We wanted to make sure Pippin's hormones were fully engaged, as it were, before she was done, and also concerned about possible spay incontinence by doing her too young. Thinking also with a toy that her little bits would be very tiny so wanted her fully grown and developed as far as possible.

So sorry to hear of the loss of your other dog in such tragic circumstances, unfortunately there is a risk with all anaesthesia, and surgery. Very sad indeed and I can see why you are concerned.


----------



## N2Mischief (Dec 3, 2012)

Just make sure to have the pre-anesthesia blood work done, also I would insist on I.V. fluids during and right after surgery. I prefer no preanesthetic, especially ace, and I also prefer Isoflourene (sp?) or better.


----------



## mamato3 (Oct 20, 2013)

Thank you so much for your advice. My vet suggested doing it at four months but I wouldn't because she was only about four pounds. I would prefer to wait and give her more time to grow. She is just so precious to me.


----------



## fuzzymom (Sep 19, 2013)

4 months? I'd find another vet.


Sent from Petguide.com Free App


----------



## fuzzymom (Sep 19, 2013)

This link was on another thread about spay/neuter: http://healthypets.mercola.com/sites/healthypets/archive/2013/09/30/neutering-health-risks.aspx


Sent from Petguide.com Free App


----------



## Carrie-e (Oct 23, 2012)

We have been advised by many people to let Tia our mini have a season,then be spayed. She is 7 months old now and came into season three days ago so you may find your toy comes into season before she is operated on. Can totally understand why you are worried,am absolutely dreading Tia being done as she is very small for a mini,toy size really,and I wish she didn't have to have it done,but I don't want to breed her so I guess it's for the best.


----------



## mamato3 (Oct 20, 2013)

*thank you*

I appreciate all of the replies. I will have out of state company here during Thanksgiving and Christmas and they bring their male (neutered) dog. I am hoping Amy is either not in heat yet or has been spayed. The timing is awful. I don't want to do it at all but don't want to breed her.


----------



## fuzzymom (Sep 19, 2013)

mamato3 said:


> I appreciate all of the replies. I will have out of state company here during Thanksgiving and Christmas and they bring their male (neutered) dog. I am hoping Amy is either not in heat yet or has been spayed. The timing is awful. I don't want to do it at all but don't want to breed her.

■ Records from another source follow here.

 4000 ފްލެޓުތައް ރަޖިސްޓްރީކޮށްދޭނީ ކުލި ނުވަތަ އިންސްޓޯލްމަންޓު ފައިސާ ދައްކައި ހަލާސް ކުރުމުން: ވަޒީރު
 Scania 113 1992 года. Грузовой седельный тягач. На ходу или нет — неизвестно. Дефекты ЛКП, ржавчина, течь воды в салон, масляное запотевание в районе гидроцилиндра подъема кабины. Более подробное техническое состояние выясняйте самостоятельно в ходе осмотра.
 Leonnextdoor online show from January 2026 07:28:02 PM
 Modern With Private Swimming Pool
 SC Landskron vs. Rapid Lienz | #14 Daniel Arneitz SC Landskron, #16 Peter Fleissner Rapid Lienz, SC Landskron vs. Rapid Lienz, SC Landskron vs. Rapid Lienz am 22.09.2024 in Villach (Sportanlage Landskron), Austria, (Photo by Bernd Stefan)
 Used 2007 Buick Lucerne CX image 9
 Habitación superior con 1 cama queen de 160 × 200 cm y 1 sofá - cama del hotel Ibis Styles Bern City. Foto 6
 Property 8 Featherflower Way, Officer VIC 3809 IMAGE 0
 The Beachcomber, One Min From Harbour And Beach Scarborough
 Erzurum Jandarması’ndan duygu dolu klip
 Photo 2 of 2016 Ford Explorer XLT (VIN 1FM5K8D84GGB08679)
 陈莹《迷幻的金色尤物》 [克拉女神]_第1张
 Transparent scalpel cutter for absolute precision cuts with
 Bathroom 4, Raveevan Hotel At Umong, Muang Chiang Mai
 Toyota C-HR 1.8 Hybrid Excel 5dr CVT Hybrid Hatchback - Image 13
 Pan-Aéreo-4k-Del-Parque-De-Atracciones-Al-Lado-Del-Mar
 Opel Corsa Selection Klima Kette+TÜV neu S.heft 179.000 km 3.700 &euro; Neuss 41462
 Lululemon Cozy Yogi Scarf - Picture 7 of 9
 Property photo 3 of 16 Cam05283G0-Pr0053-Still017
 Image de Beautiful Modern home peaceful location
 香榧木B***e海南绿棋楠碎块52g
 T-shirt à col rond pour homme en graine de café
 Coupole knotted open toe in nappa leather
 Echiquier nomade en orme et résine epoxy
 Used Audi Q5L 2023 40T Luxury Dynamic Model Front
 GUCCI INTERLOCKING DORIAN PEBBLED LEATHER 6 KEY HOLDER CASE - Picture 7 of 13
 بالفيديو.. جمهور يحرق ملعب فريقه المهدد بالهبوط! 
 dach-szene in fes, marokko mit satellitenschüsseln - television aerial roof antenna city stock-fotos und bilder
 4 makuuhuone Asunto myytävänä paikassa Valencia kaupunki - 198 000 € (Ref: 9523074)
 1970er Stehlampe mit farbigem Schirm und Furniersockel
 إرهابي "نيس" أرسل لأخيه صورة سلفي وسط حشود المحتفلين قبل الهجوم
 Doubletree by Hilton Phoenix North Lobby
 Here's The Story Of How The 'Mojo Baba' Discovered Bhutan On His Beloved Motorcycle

If their dog is neutered why are you worried about her being spayed yet? I wouldn't make a major health decision for my dog based on visitors coming. Do what you think is best for you and your dog. Don't worry about other people. They can come another time, board their dog, or have someone watch their dog if you're worried. 


Sent from Petguide.com Free App


----------



## mamato3 (Oct 20, 2013)

*Really?*

I have heard that a male dog, even neutered, will react to a female in heat. I know she couldn't get pregnant but I don't want it to be crazy with her and two male dogs in the same house for days.


----------



## Poodlebeguiled (May 27, 2013)

If you aren't letting your dog roam around the neighborhood, if you're supervising her in her yard, if you lock her up when it's her cycle when visitors come, put a belly band on her, you wouldn't have to spay her at all. Or wait till she's a few years old. I wouldn't spay or neuter anymore after what I've read, if there isn't a darn good reason to.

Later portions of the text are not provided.